Developing a Terraced Terrain Generator
In this blog post I will discuss some technical details and give a glimpse of Terraced Terrain Generator’s (TTG) development process. TTG is a free Unity tool for procedural generation of terraced terrain meshes. It’s open source and it’s on GitHub! Here are some examples of the type of terrains TTG is able to generate:
The post follows TTG’s four terrain generation steps: basic shape generation, mesh fragmentation, mesh sculpting and terrain slicing. Then, we discuss performance improvements and future developments. Finally, a short conclusion wraps the post up.
Let’s dive in TTG’s generation steps right away.

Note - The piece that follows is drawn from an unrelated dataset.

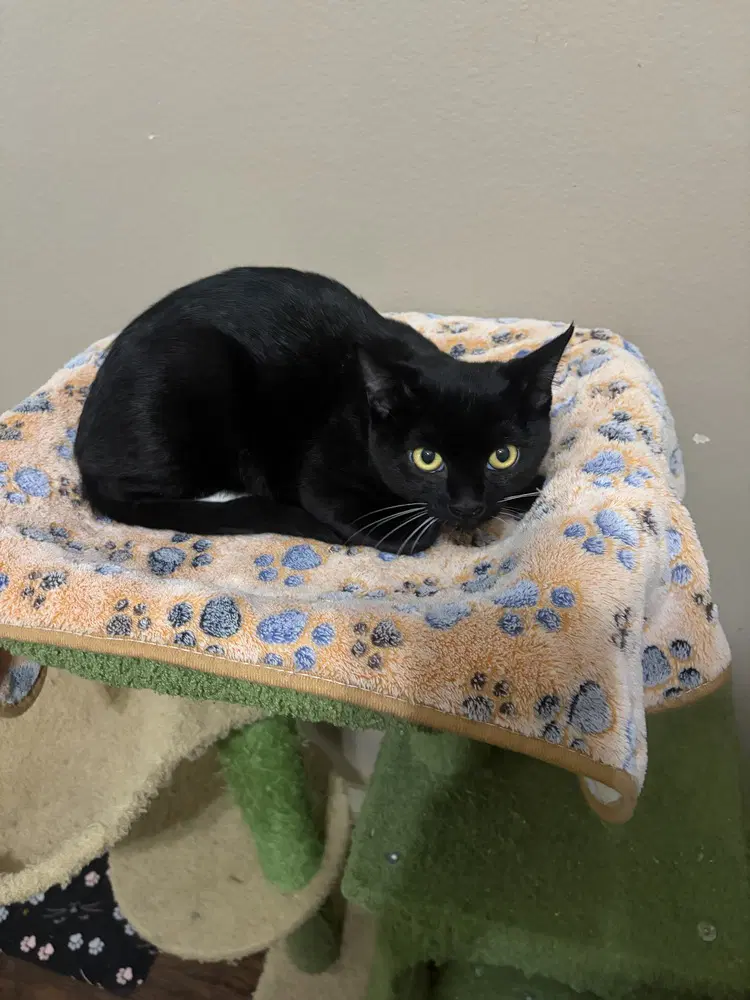 Wendy - Domestic Short Hair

Step 1: Basic shape generation 📐
This step is responsible for generating the polygon that will server as a basic shape for the terrain. In order words, how the terrain will look like from a high up, top view.
Supported shapes
 Equilateral triangle.
 Any regular (equilateral and equiangular) polygon, from 4 to 10 sides.
Equilateral triangle
Generating an equilateral triangle is trivial: create 3 vertices equally distant from the center of the terrain. Each pair forms a 60° angle with the center.
Any regular polygon
All other regular polygons (independent of the number of sides) will be generated using the same strategy. We take advantage of the fact that regular polygons can be created by composing triangles and define all polygon generation based on it. Regular polygons are perfect for this task because their vertices are equidistant from the polygon’s center.

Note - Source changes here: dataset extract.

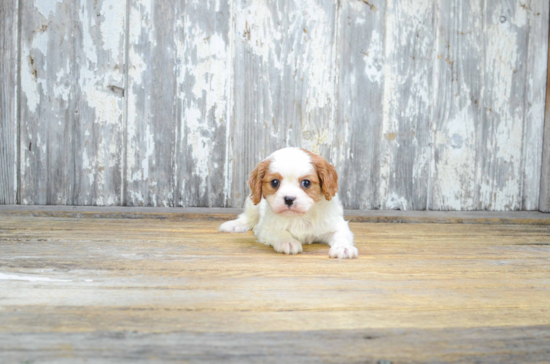 Fluffy Cavalier King Charles Spaniel Purebred Puppy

💡 Although it is possible to generate polygons with any number of sides using this strategy, the number of sides is limited to 10.
Square
A square can be created by overlapping 2 isosceles, rightangled triangles on their hypotenuses. The triangles are created in a similar manner to the equilateral triangles described above, but vertices are recycled to save memory. A square contains 4 vertices and 2 triangles.
Pentagon
A pentagon can also be created using triangles, but differently from the strategies described above. A vertex is placed on the center of the pentagon and it’s used by all triangles that compose the polygon. All other vertices are equidistant from the center vertex. Once again, vertices are recycled to save memory.
Other regular polygons
Other regular polygons with more than 5 sides are created using the same strategy as the pentagon’s, just increasing the number of vertices. For example, here’s a decagon:
Step 2: Mesh fragmentation 🧨
The basic shape generated by the previous step does not contain enough vertices and triangles to generate a nice terrain. We need to fragment it into smaller triangles to increase its detail and resolution.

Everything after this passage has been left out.